From this view, it is evident that the probabilities of negative returns are consistently higher than for positive returns for a wide range of the most-probable outcomes (the red dashed curve is above the solid blue curve from 0% to about 25% on the horizontal axis on the chart above). The probability of very large positive returns is higher than for negative returns of the same magnitude (from 20% to 50% on the chart above), but the overall probability of these outcomes is low. This is a bearish market-implied outlook, although there is an asymmetric potential for a large upside surprise.

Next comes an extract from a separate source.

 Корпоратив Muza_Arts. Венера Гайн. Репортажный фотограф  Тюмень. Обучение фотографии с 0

The market-implied outlook for next 11.1 months, calculated using options expiring in September, is not terribly robust due to the lack of active trading (so there are not a lot of participants expressing their implicit views). The market-implied outlook to September is an amplification of the bearish shorter-term outlook. The peak probability corresponds to a price return of about -26%. The annualized volatility derived from this distribution is 41%.

Source: Author's calculations using options quotes from ETrade

The chart above shows the market-implied price return probabilities for SPLK for the 11.1-month period from today until Sept. 16, 2022. The negative return side of the distribution has been rotated about the vertical axis.

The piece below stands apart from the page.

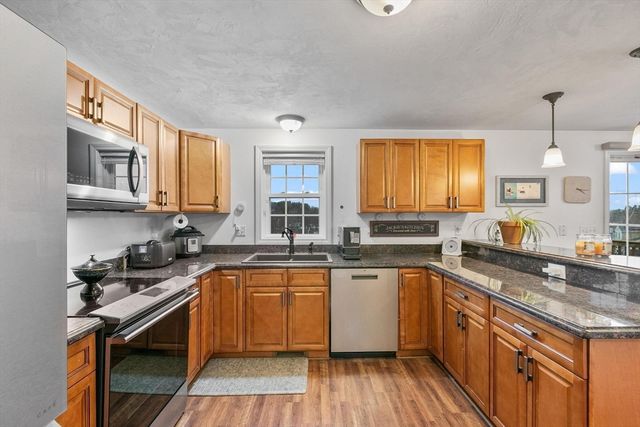 22 Bittersweet Blvd, Worcester, MA 01607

The market-implied outlook for the next 3.4 months is bearish, with substantial volatility. The market-implied outlook for the next 11.1 months is also bearish, although the confidence in this longer-term outlook is low.

Summary

High stock price volatility often reflects rapidly-changing views on a company’s prospects and SPLK falls into this category. Differences of opinion on the stock are evident in the contrast between the Wall Street consensus outlook and the implicit consensus of options traders reflected in the market-implied outlook.

While the company is demonstrating rapid growth, valuation is challenging. Similar to when I analyzed SPLK in March, the Wall Street consensus is bullish and the market-implied outlook is bearish. The Wall Street consensus for the 12-month projected return has gotten lower, going from 47% in March to about 19.5% today, reflecting a less optimistic growth outlook.

As a rule of thumb for a buy rating, I look for expected 12-month return (19.5%, using the Wall Street consensus) that is at least ½ the projected volatility (41% from the market-implied outlook). Even taking the bullish Wall Street price target at face value, the expected return does not quite meet my criterion for an attractive risk/return balance. The market-implied outlook is bearish. I am maintaining my neutral rating on SPLK.